The Best Australian Poems 2016 Read online

Page 7


  Natalie Harkin

  Tinnitus

  5,000 angels dance on a pin

  creating a thin, high-pitched singing

  in the empty area of my ear,

  plucking each high harp string

  in a Morse of ping and whistle;

  I can hear the whistle

  but can’t discern the music,

  suffer its relentless din – day

  into stinging night into day.

  It can’t be cured the doctors say

  so they play audiologists’ tricks

  to fool my brain. My curative sound’s

  the shilly-shallying of surf,

  of water fussing and trembling

  on sandy shores, or flopping

  a susurrus over rocks. You can hear froth

  laced to the surfaces of sound.

  For a year I’ve listened

  to this slumbrous rustling cure,

  surf splashed in the computer’s core,

  gushed through the car’s soft speakers,

  water thrushed over my head

  in whispering sleep.

  And still the angels sing

  their dog whistle tingling,

  their unchanging I-Ching,

  the shrill denizens of my inner ear.

  A thousand pins drop tinkling

  down cliffs of ice, and zing

  again in a tympani of feeling;

  for folly is as folly does:

  this brain is not for fooling.

  Dennis Haskell

  Archive Fever Making Tracks

  the arkhē appears in the nude—Jacques Derrida

  You are I am a tracker bent crouched close to the page ground looking

  for traces and signs that sense you has have passed this way

  You sniff sniffing for the scent of absence you

  but above all feeling

  for the gap in your my life

  that wants to fill this page

  alone

  The air is incandescent

  The white page track glows

  Emptiness talks back talks back talks back

  to the heat that cracks open the world ground

  This is a land of surfeit and lack

  of hardness and clarity of image

  of absence that opens out

  or closes up the world

  and sometimes the heart.

  Dominique Hecq

  Derrida, J 1998 Archive Fever: A Freudian Impression. Chicago: University of Chicago Press. Trans Eric Prenowitz, p. 92.

  Black Dress

  For TAW

  This black dress

  is also a painting—

  it hangs on a wall

  where light holds it close.

  It’s a doorway to places

  no-one quite knows;

  that bloom and rain

  with extravagant vistas.

  We’ve sometimes entered

  into the painting

  dipping dark hats,

  watching children

  riding down lanes

  (their slit-eyed scrutiny

  prickling our backs),

  finding a house

  made out of art—

  colourful images; chaotic signs—

  and in a long room

  have seen a black dress.

  Approaching the work

  we’ve watched ourselves there,

  climbing through streetscapes,

  avoiding riders

  and ducking rain,

  entering a house

  made out of painting,

  finding a room

  with a black dress inside.

  Now standing here,

  outside of the image,

  the dress seems mute

  hung on its wall;

  yet inside the painting,

  through folds like a curtain,

  we glimpse narrow laneways.

  The sound of rain

  is prickling our backs.

  (from ‘Pictures at an Exhibition’)

  Paul Hetherington

  Relocation of the Big Prawn

  Cutting you loose was always the Big Hernia,

  five crustacean manholes and an ocean view semaphore.
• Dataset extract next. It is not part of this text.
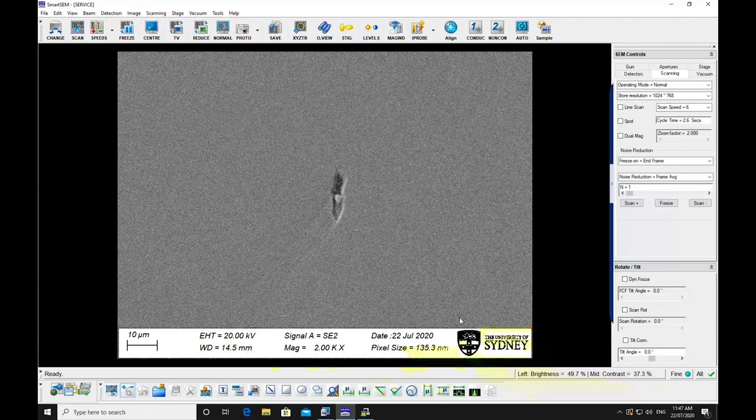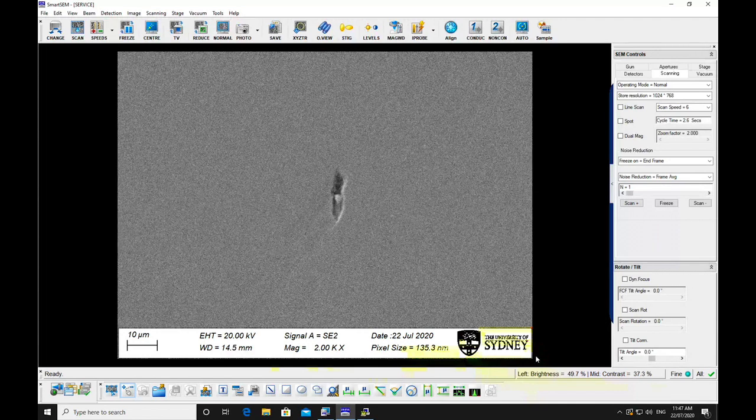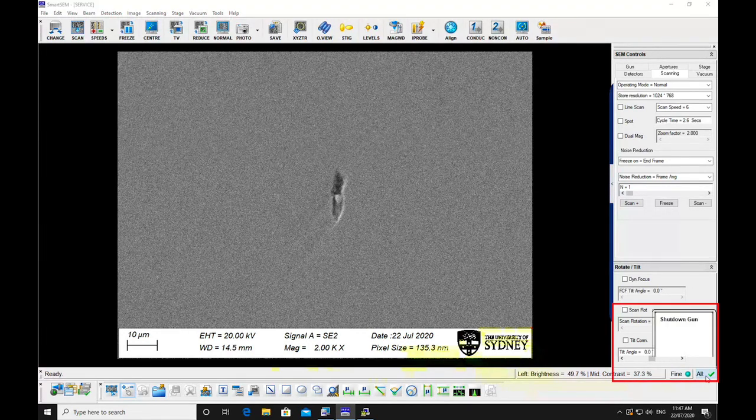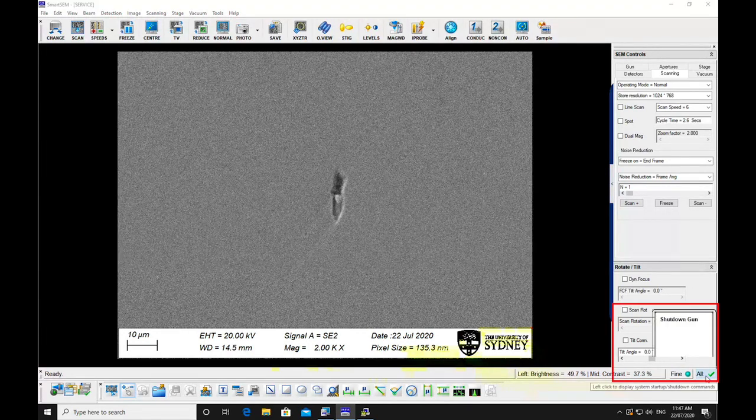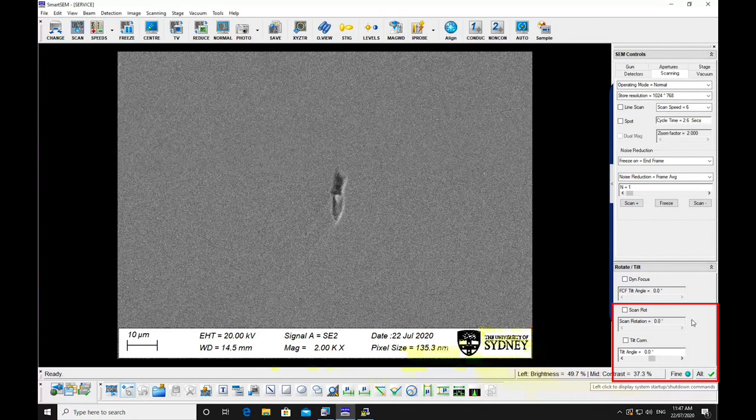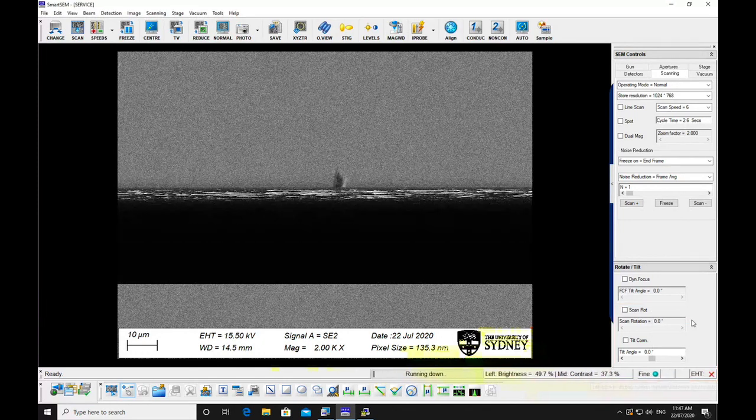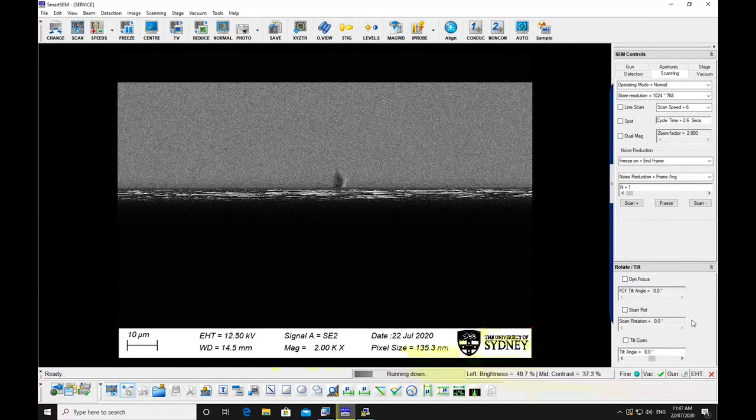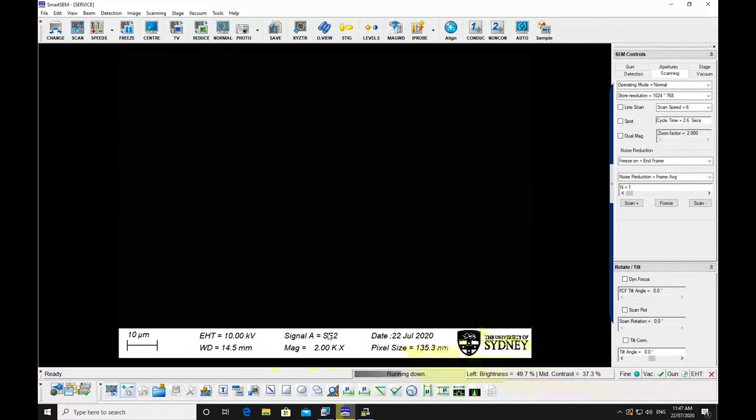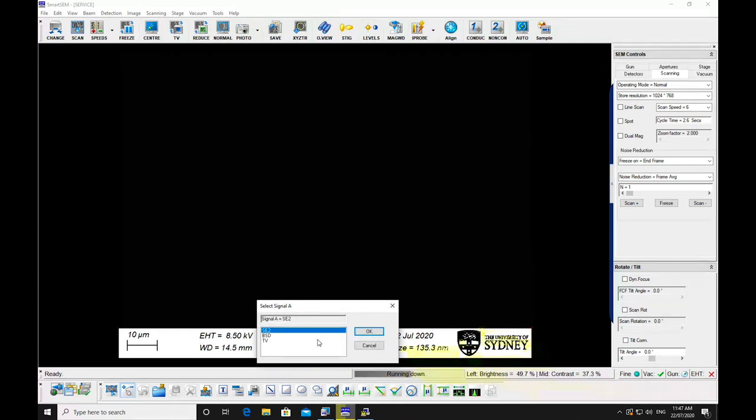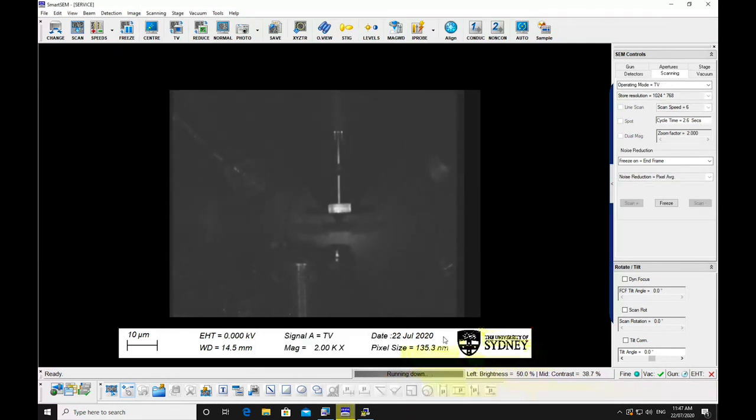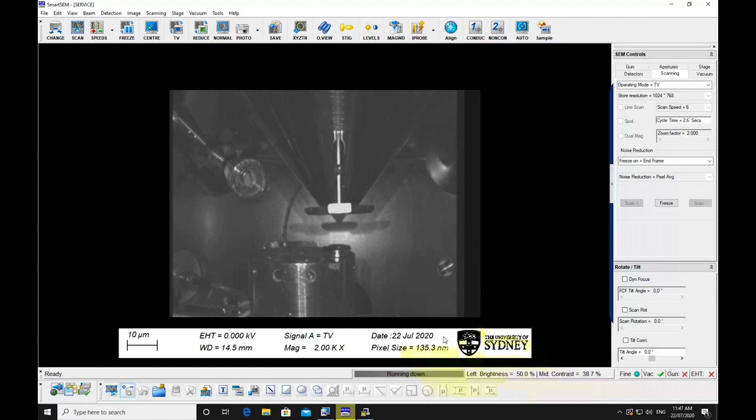Turn off the beam by clicking all in the bottom right corner and selecting shut down gun. Go to chamber camera view. Lower the stage to a safe position, approximately mid-screen in TV mode.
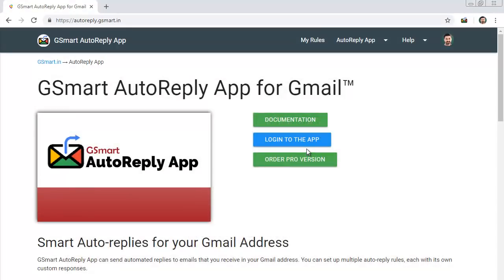The Gsmart Auto-Reply app makes it easy to automate email replies. When used right, Gsmart Auto-Reply can free up tons of your time.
  Severing yourself at the canticles was the angle grinder’s delight,

  guide lines and trophy wives scrapping for a slice of spine.

  Upmarket seashells splitting effigies of you,

  spraying mantis spilling multiple eulogies in reverse.

  Downtown, cranes shrapnel our deep dream limelight,

  tethered to the countenance of primordial withers.

  Hindenburging the Baudelaire was just a serving suggestion,

  the dust of syphilitic kings sulphuring the contradictory.

  Negativity these days means ‘how to deflect light’,

  Gulliver’s Travels ghostwritten by miniature Don DeLillos

  sepia the distillation of several small children into Norfolk grog.

  I want to swim upstream like a deathwish, through permafrost, to Canada.

  Relocation means taking it offshore. So we flush out the interior

  and reroute the Pacific. Seared to the pig iron of a new beginning,

  we becalm posterity, pop their eyes out on stalks. In the tunnels

  of a granite bedroom I wrestle and tug. Misreadings underwritten

  by fantasy gambling—the stochastic improbability of this whole

  thing being true. Of an evening I thrash responses to the electric

  field, parry the overdetermined placenta of hair, miasma, sweat.

  In the absence of fixed references, you avoid me and I prefer it.

  Too much proximity fills my holes with lungs. I dissolve to be,

  scuppered in the inevitable playlist, half-lunged in the backflip

  of the ocean suite pedestal. At reception, the welder’s pen hustles

  while I swing, huddled in the roof space of countries old and lost.

  Down below, henchmen fiddle with the drains, swearing like nuns.

  The new guy severs a number of feelers, wonders—what fresh

  apothecary will bleed this mother’s tongue? An old hand floats

  to the surface, joins us at last in the reappearance of our long-lost

  juvenilia. The number of relationships formed on the basis

  of a single misinterpretation is how the apical resorption

  of the skeleton explains a decrease of the kype in kelts.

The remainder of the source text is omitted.